I consider Friedman my mentor. His latest book, Hot, Flat, and Crowded: Why We Need a Green Revolution and How It Can Renew America, is my bible. Yet I disagree with him about how bad he seems to think Waxman-Markey is — though he does say the Senate, after improving it, must pass it too.Waxman-Markey sets up a cap-and-trade system for putting a price on the emission of carbon dioxide and other greenhouse gases. So doing will force industries, businesses, and consumers to find ways to emit less. But Friedman holds his nose and indicates that a "simple, straightforward carbon tax would have made much more sense than this Rube Goldberg contraption."
True, Waxman-Markey ended up being over 1,300 pages long, and it is certainly a Rube Goldberg contraption. Yet I think its beating heart, a cap-and-trade program, beats a carbon tax.
A carbon tax would collect money from greenhouse-gas emitters for each metric ton they emit of carbon dioxide or its climate-changing equivalents.
Cap-and-trade à la Waxman-Markey would likewise "price carbon." Below is a primer on how it would do so.
What Is Cap-and-Trade?
In a cap-and-trade system, companies that emit greenhouse gases, or make products that do, are required to possess one allowance or permit for each metric ton of emissions they are responsible for.
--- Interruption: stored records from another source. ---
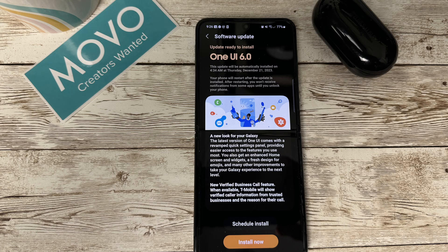Hey, what's going on everybody? Welcome back to the channel. Today we've got some exciting news for all of the Samsung users out there. Samsung has just released the official One UI 6.0 for your Galaxy Z Flip 4 here in the US, and it brings a bunch of new features. We're diving right in, so make sure you stay tuned until the end for all the details.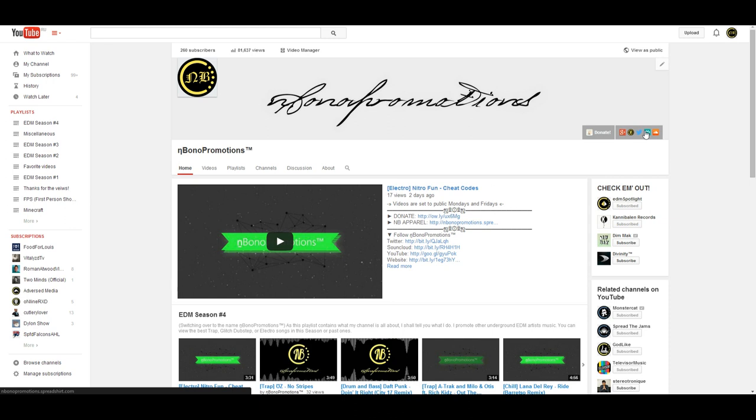if you look in the lower left-hand corner of the screen right now, you'll probably see, it's nbonopromotion.spreadshirt.com. That's where you can go to get merchandise for my YouTube channel.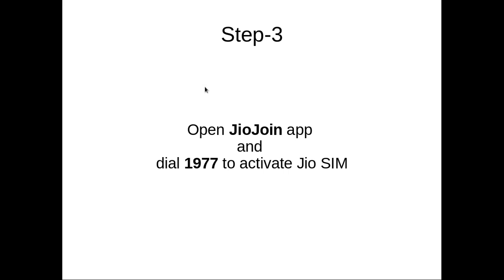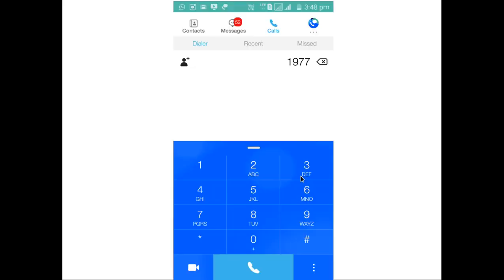After that, we need to open the GeoJoin app and dial 1-9-7-7 to activate the GeoSIM. This is a screenshot of the GeoJoin app. You have to dial 1-9-7-7 and complete the daily verification. After daily verification, you will be able to use both voice and data.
For example, a company that generates electric power by burning coal might need allowances to cover all X tons of its CO2 emissions. So might a company that refines petroleum into gasoline that, when used in a car, causes the car to emit carbon dioxide through its tailpipe.
The government would issue only so many allowances each year. The number of allowances issued each year would equal the total number of tons of greenhouse gases permitted for the year. That number of tons of greenhouse gases is the cap for the year.
Companies that need allowances are called covered entities. Covered entities that need allowances in a quantity greater than they have on hand would buy them on an open market from entities that have more allowances than they need. This buying and selling of allowances in an open marketplace is the trade part of cap and trade.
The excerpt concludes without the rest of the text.